[Exercise inputs]

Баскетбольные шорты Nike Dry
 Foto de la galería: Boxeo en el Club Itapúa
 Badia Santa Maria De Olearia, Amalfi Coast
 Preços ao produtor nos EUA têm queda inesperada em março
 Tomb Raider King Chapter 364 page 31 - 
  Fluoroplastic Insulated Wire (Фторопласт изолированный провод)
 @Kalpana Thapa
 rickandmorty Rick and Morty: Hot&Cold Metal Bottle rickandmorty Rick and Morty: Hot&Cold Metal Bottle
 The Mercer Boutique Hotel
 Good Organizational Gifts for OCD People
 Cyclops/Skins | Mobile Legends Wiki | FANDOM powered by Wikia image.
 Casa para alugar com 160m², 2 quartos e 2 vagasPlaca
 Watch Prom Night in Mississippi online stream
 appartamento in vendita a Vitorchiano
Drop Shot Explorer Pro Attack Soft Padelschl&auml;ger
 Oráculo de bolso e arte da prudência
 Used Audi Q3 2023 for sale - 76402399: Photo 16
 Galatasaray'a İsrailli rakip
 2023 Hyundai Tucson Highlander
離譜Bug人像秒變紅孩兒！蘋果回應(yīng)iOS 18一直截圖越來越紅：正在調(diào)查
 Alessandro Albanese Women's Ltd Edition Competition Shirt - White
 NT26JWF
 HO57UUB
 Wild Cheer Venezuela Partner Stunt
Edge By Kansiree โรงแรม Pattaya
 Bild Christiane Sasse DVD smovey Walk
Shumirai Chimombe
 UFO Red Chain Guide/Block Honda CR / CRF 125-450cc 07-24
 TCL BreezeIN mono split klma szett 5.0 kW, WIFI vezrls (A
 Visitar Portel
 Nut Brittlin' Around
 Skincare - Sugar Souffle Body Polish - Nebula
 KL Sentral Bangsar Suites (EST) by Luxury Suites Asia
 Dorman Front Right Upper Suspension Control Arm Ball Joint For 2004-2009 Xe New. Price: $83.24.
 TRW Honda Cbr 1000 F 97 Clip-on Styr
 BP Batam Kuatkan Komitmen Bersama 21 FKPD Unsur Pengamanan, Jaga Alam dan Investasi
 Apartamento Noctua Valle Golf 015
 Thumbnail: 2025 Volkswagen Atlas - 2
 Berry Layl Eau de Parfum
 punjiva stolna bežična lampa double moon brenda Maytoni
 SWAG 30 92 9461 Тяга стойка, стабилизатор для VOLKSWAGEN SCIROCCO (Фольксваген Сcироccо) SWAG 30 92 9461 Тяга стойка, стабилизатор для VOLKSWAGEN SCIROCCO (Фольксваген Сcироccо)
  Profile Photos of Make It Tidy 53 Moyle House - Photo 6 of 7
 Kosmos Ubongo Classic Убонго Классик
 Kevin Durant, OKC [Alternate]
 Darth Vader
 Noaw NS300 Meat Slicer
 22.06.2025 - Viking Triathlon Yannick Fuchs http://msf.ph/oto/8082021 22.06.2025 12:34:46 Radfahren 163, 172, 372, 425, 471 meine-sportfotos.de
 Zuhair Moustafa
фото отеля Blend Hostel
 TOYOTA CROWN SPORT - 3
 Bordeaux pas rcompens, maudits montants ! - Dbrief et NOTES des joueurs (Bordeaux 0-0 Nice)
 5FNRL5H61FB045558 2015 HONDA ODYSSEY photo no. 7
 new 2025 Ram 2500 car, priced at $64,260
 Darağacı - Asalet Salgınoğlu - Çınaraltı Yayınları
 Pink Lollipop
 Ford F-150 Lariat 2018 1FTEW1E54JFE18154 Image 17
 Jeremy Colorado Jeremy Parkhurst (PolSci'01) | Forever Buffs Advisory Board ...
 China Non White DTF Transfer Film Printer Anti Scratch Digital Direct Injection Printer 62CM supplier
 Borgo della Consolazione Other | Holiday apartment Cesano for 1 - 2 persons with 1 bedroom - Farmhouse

[/Exercise inputs]

How to complete this task>
All lines from the one with "KL Sentral Bangsar" through the end of the records need to be copied exactly, and no other lines.

Result for this task>
 KL Sentral Bangsar Suites (EST) by Luxury Suites Asia
 Dorman Front Right Upper Suspension Control Arm Ball Joint For 2004-2009 Xe New. Price: $83.24.
 TRW Honda Cbr 1000 F 97 Clip-on Styr
 BP Batam Kuatkan Komitmen Bersama 21 FKPD Unsur Pengamanan, Jaga Alam dan Investasi
 Apartamento Noctua Valle Golf 015
 Thumbnail: 2025 Volkswagen Atlas - 2
 Berry Layl Eau de Parfum
 punjiva stolna bežična lampa double moon brenda Maytoni
 SWAG 30 92 9461 Тяга стойка, стабилизатор для VOLKSWAGEN SCIROCCO (Фольксваген Сcироccо) SWAG 30 92 9461 Тяга стойка, стабилизатор для VOLKSWAGEN SCIROCCO (Фольксваген Сcироccо)
  Profile Photos of Make It Tidy 53 Moyle House - Photo 6 of 7
 Kosmos Ubongo Classic Убонго Классик
 Kevin Durant, OKC [Alternate]
 Darth Vader
 Noaw NS300 Meat Slicer
 22.06.2025 - Viking Triathlon Yannick Fuchs http://msf.ph/oto/8082021 22.06.2025 12:34:46 Radfahren 163, 172, 372, 425, 471 meine-sportfotos.de
 Zuhair Moustafa
фото отеля Blend Hostel
 TOYOTA CROWN SPORT - 3
 Bordeaux pas rcompens, maudits montants ! - Dbrief et NOTES des joueurs (Bordeaux 0-0 Nice)
 5FNRL5H61FB045558 2015 HONDA ODYSSEY photo no. 7
 new 2025 Ram 2500 car, priced at $64,260
 Darağacı - Asalet Salgınoğlu - Çınaraltı Yayınları
 Pink Lollipop
 Ford F-150 Lariat 2018 1FTEW1E54JFE18154 Image 17
 Jeremy Colorado Jeremy Parkhurst (PolSci'01) | Forever Buffs Advisory Board ...
 China Non White DTF Transfer Film Printer Anti Scratch Digital Direct Injection Printer 62CM supplier
 Borgo della Consolazione Other | Holiday apartment Cesano for 1 - 2 persons with 1 bedroom - Farmhouse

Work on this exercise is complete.